A Pokemon Card Sets a World Record
The year is 1997 and I just received packs of Pokemon cards for my birthday.
WTF am I supposed to do with these? I wonder as I read through the “attacks” and “defences” and just think, this looks like a boring card game.
A year later the most expensive trading card ever sold would be given out to a contest winner for the CoroCoro Comic illustration contest.

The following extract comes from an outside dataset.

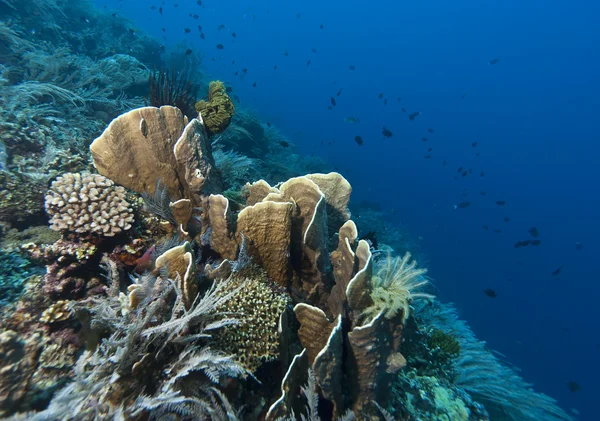 珊瑚花园印度尼西亚 — 图库照片
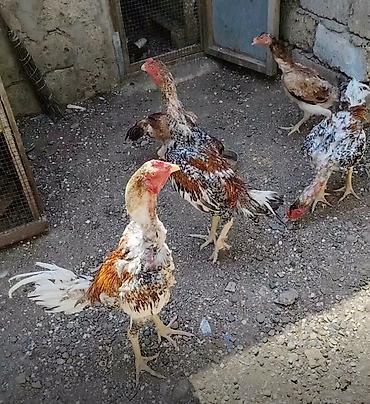 kənd toyuq: Salam heyvanlar goz qabagindadi saglamliglarina cavabdehem, biri — 1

The chosen winners would get a chance to be featured on actual trading cards.
The winner’s being kids who drew stuff like this:

Twenty three cards were given out total to the kids whose drawings got chosen by CoroCoro. The reason why the card was so rare was because it said “Illustrator” on the top instead of “Trainer”.
So how the heck does Logan Paul end up with one of these cards and eventually sell it for a world record amount?
2011: Legendary collector Scott Pratte came across a sharp, ungraded copy of the card from a source in Japan. He would then get it graded at a PSA 9 and would sell it on eBay for $50K to another famous collector, Dubsy, in 2015.
2015: Dubsy ends up finding a PSA 10 and buys it for $60K, now holding a PSA 9 and PSA 10 of the most rare Pokemon card ever made.
2017: Dubsy goes on to trade his PSA 9 version for Magic: The Gathering cards now only owning the PSA 10 version of the card.
2021: This is the card that Logan Paul wants but in order for Paul to make the transaction, he had to buy his own PSA 9 version of the card in Italy for $1.275M, trade that card plus $4M in cash to Dubsy and the PSA 10 version was his.
2026: This past week Paul sold the card for $16.49M making it the most anyone has ever paid for a trading card. YES, a trading card, that some kid in Japan innocently won from a drawing contest back in 1998.

The Eyes & Ears of Siri
I couldn’t tell you how long I’ve been saying SIRI SUCKS.
Between asking Google Home (do people still use these?) and Siri questions, the experience always feels like this:

It’s like someone at Apple just watched Universal Soldier.
Buzzing this week online is a whole new line up of Apple devices slated to come out potentially later this year.
AI smart glasses

Assuming to compete with Meta Ray-Bans, the word on the street is Apple is going to be releasing its own set of smart spectacles early next year. Capabilities will include a high resolution camera, speakers, and microphones to enable features like object detection, live translation, and landmark-based navigation.
Apple AI pendant (here we go again)

This is an air-tag but it’s supposed to be the same size
Humane did it wrong. Apple plans on learning from their mistake by having a pendant of some sorts paired with the iPhone for camera and microphone capabilities.
The pendant will come equipped with two cameras, three microphones and a small speaker, along with a physical button. This would allow for voice and gesture controls, but it isn't certain if Apple will incorporate all these components.
AI-enhanced AirPods
These apparently will be out later this year and will feature low-res infrared cameras so you can ask Siri about objects you/they see while you’re out in the wild.
Apple has completely missed the bus when it comes to AI capabilities even though they were the first major player to release an AI-like assistant in Siri all the way back in 2010.
But if they play their cards right we’ll all be walking around like Jean-Claude Van Damme in 2027.